Cuidadosamente, Randall empujó la palanquita de la grabadora y se puso al lado del impresor alemán. Caminaron en silencio media manzana. Hennig sacó un gran pañuelo del bolsillo, tosió, expectoró en él y se lo volvió a guardar en el bolsillo.

– Pues bien, le voy a explicar -dijo con voz cascajosa-. Yo siempre he sido, a mi manera (y no lo oculto), un patrón duro. Era necesario para sobrevivir en la Alemania de la posguerra. La contienda nos había devastado. Era la supervivencia de los mejor dotados. El lenguaje de la supervivencia es el dinero, dinero en metálico, montones de dinero. Me dediqué a imprimir Biblias sólo porque había mucha demanda, un gran mercado. Había riqueza en este ramo, mucha riqueza. Las Biblias de lujo proporcionaban grandes ganancias. Así fue como me hice famoso a nivel de impresor de libros religiosos de calidad. Después sucedió algo.

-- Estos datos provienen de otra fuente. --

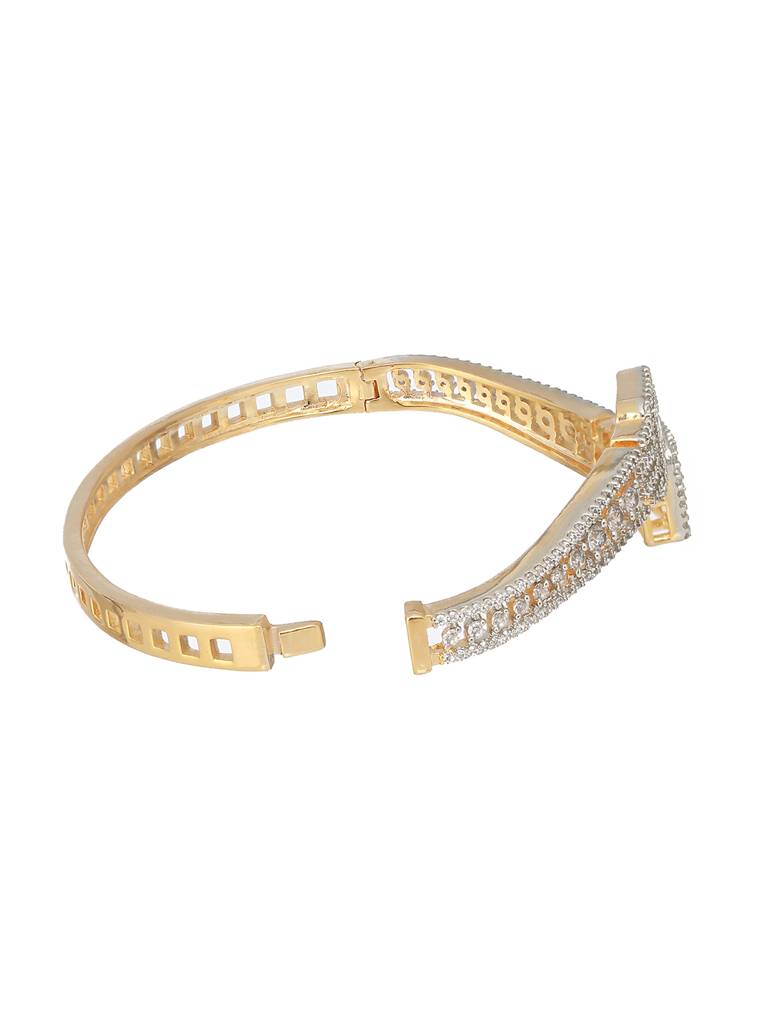 Gold Plated White Zircon Studded Statement Bangle Bracelet : SJBR2184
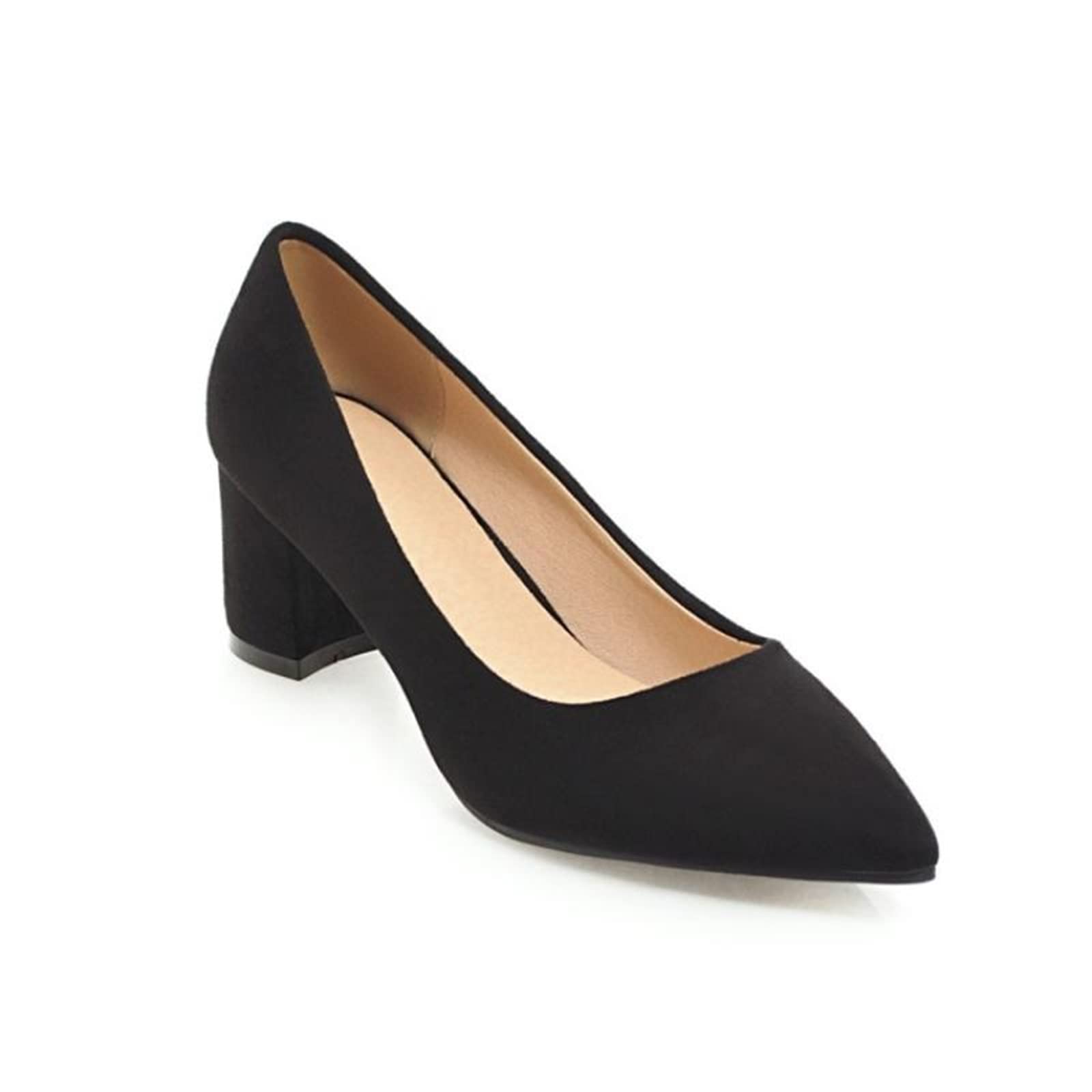 WangSiwe Heels for Women Thick High Heels Shoes Women Pumps Pointed Toe Work Shoes Slip On High Heels Spring Footwear (Color : Hortel�, Size : 8)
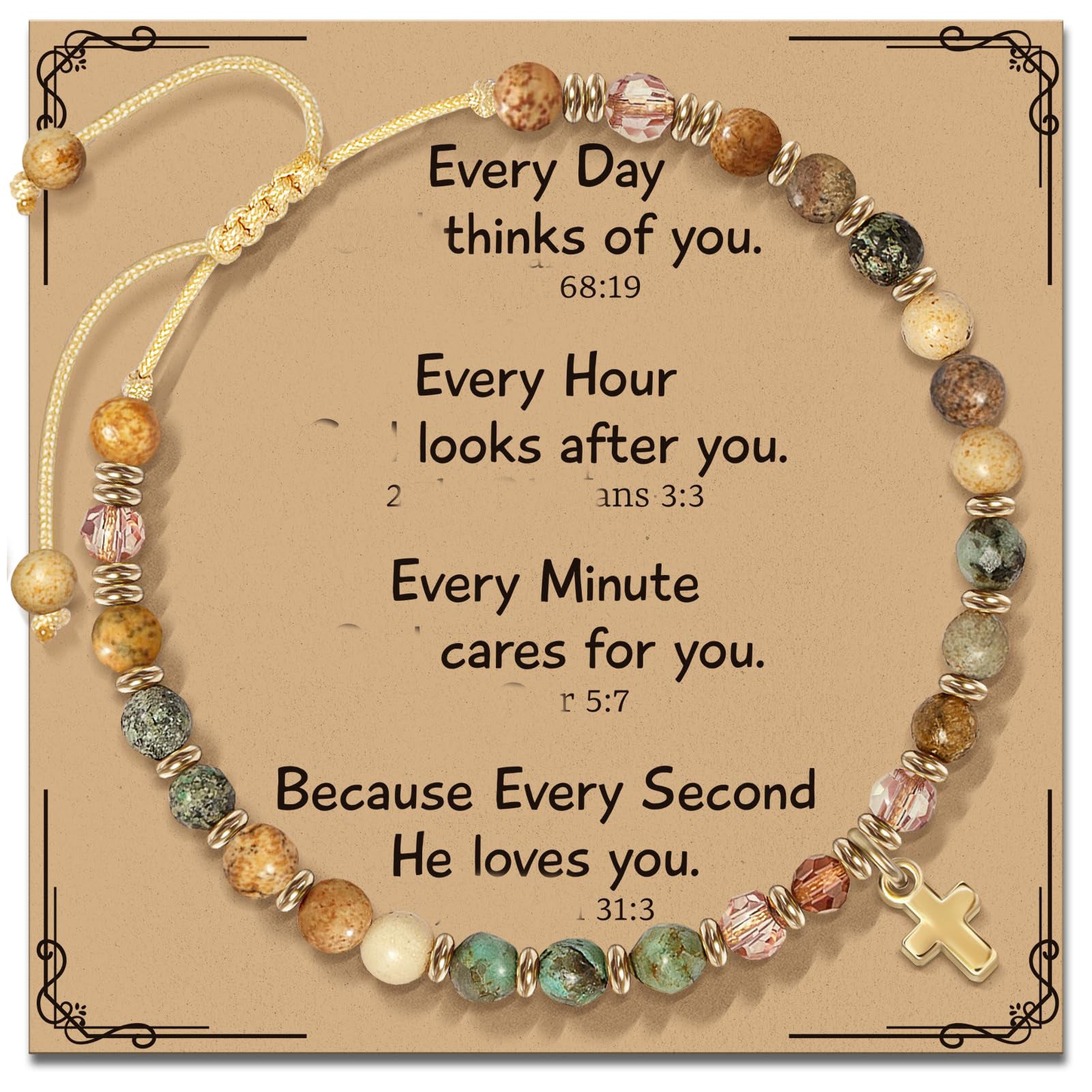 Wholesale Trendy Natural Stone Cross Pendant Bracelet For Women Handmade Beaded Jewelry Gift For Boutique Resale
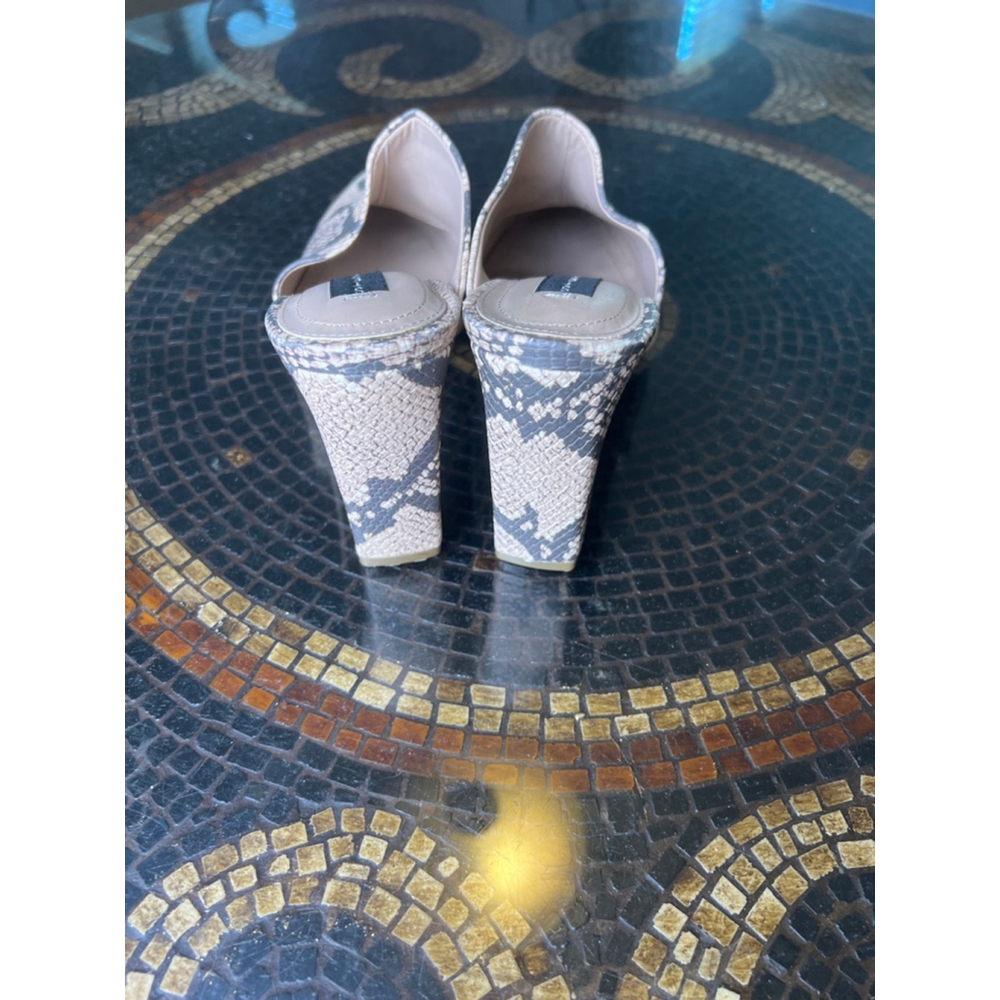 Steven Steve Madden Josette Mule Heels Womens 7.5 Snakeskin Pointed Toe Block He - Picture 3 of 7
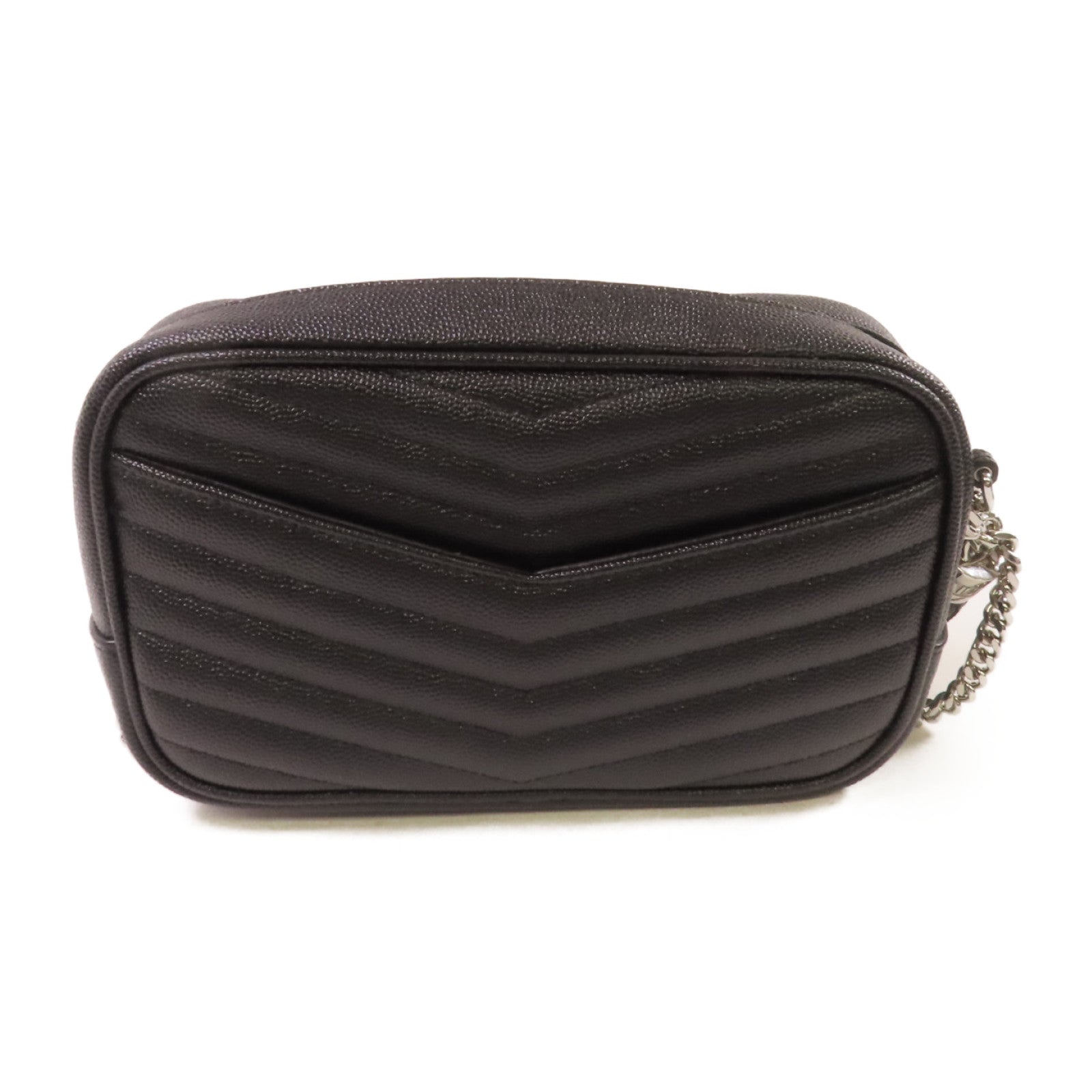 SAINT LAURENT 斜紋牛皮皮革Camera Shoulder Bag銀扣鏈帶肩背黑色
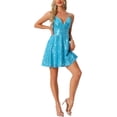 thumbnail image 2 of INSPIRE CHIC Vestido de Mujer con Brillo y Lentejuelas, Tirantes Espagueti, Espalda Descubierta, Vestido de Fiesta Mini para Club, Talla XS, Azul, 2 of 6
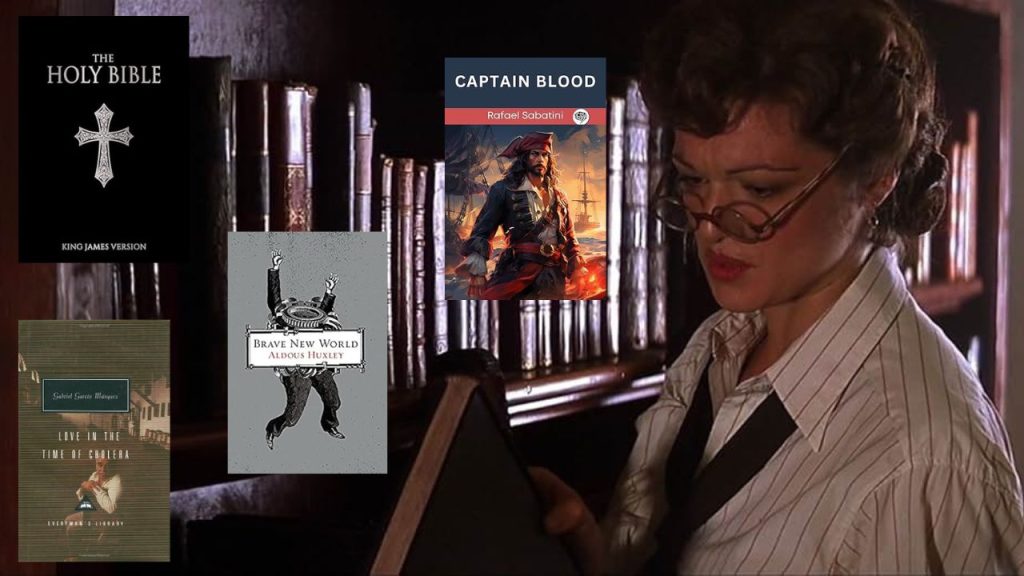 Background is a still from The Mummy (1999), when the librarian is returning books to the shelf. Over this image are four book covers, as featured in the questions earlier in the article.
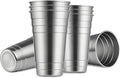 MEWAY Premium Stainless Steel Cups 24 oz Pint Cup Tumbler (8 Pack) - Premium Metal Cups - Stackable Durable Cup，Chilling Beer Glasses, for Travel, Outdoor, Camping, Everyday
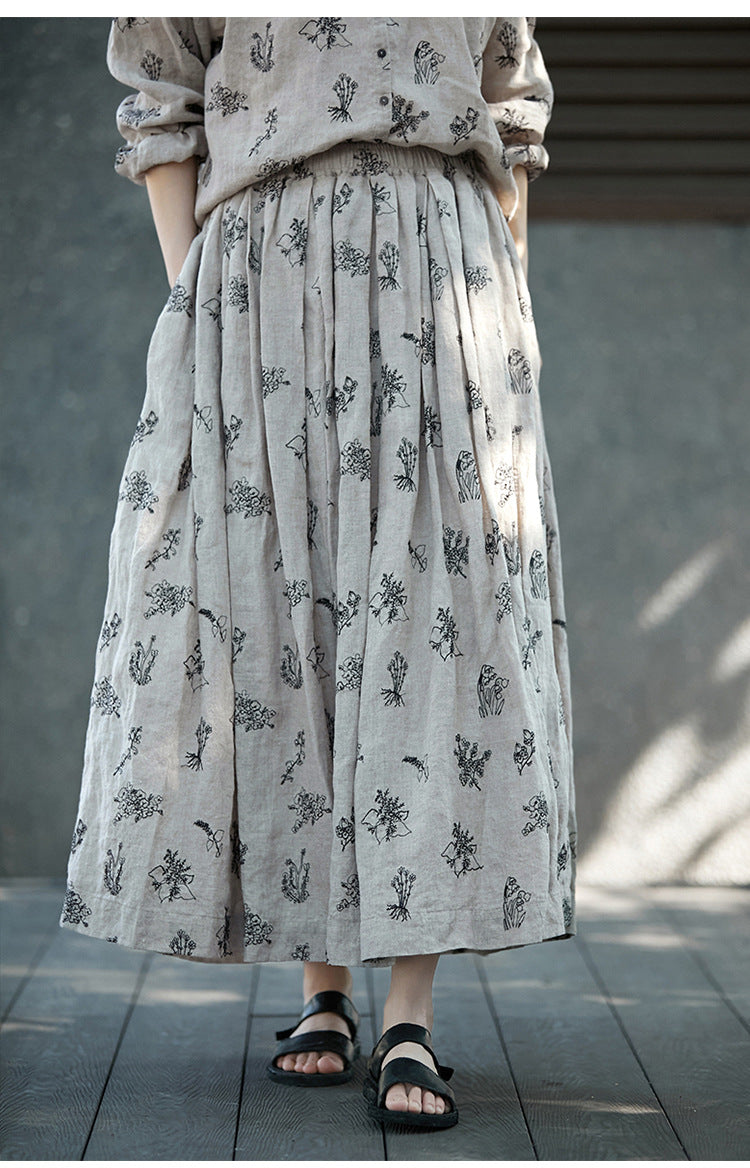 ◇リネン刺繍ギャザーイージースカート◇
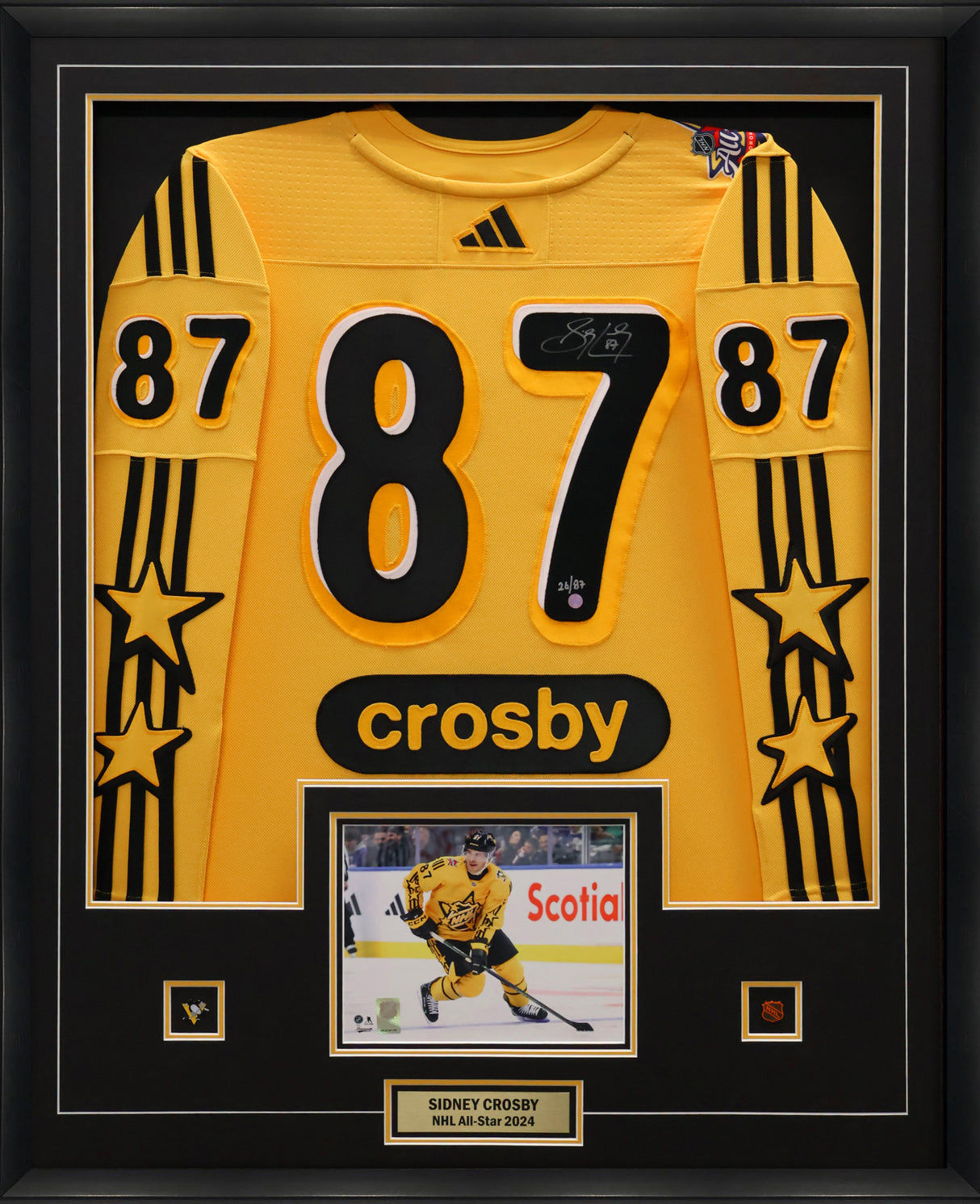 Sidney Crosby Signed Jersey Framed Yellow 2024 NHL All Star Adidas (Limited Edition of 87)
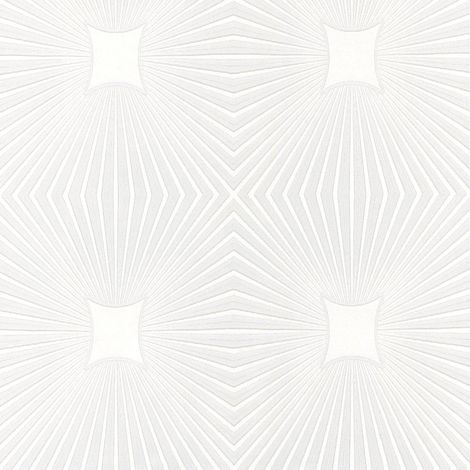 A.S Creation Blown Vinyl White Paintable Embossed Wallpaper Starburst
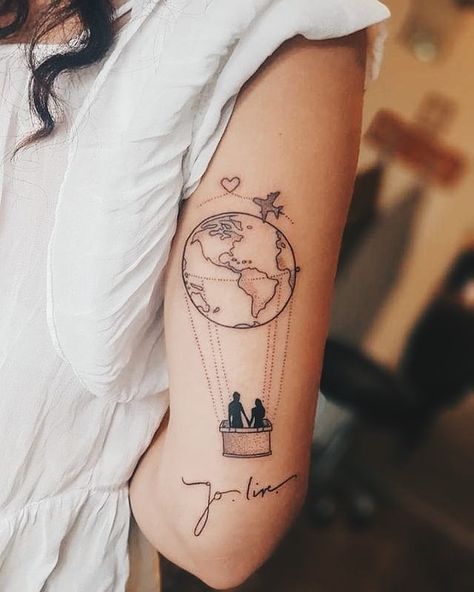 Small Travel Tattoos, Tattoo Ideas Travel, Watercolor Bike, Wanderlust Tattoos, Tattoos For Women Unique, Simbols Tattoo, Swing Tattoo, Travel Tattoo Ideas, World Map Tattoos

Quedó brevemente ensimismado, y continuaron caminando en silencio.

– Sucedió que en Alemania disminuyó el interés por la religión y por la Iglesia. No hace muchos años, los pobres, los oprimidos y los que se orientaban por la ciencia y la tecnología declararon que Dios había muerto. La religión fue decayendo, y con ella la venta de las Biblias. Para poder sobrevivir, yo pensé que debía hacer de inmediato algo que compensara la reducción de las ventas en ese campo. No podía poner todos los huevos en la canasta eclesiástica. Así que, poco a poco, comencé a buscar y obtener contratos para imprimir libros populares baratos; cosas novedosas y pornográficas. Sí, el mercado de la pornografía descarada estaba en auge en Alemania, y yo estaba dispuesto a imprimirla, con tal de que me siguiera ingresando el dinero. Yo siempre quise tener dinero; mucho dinero. No quería llegar a verme pobre e indefenso, nunca. Además, lo confieso, yo estaba enredado con muchas jovencitas bastante costosas, y luego vino el asunto de Helga Hoffman, y eso también me salía muy caro. ¿Empieza usted a comprender?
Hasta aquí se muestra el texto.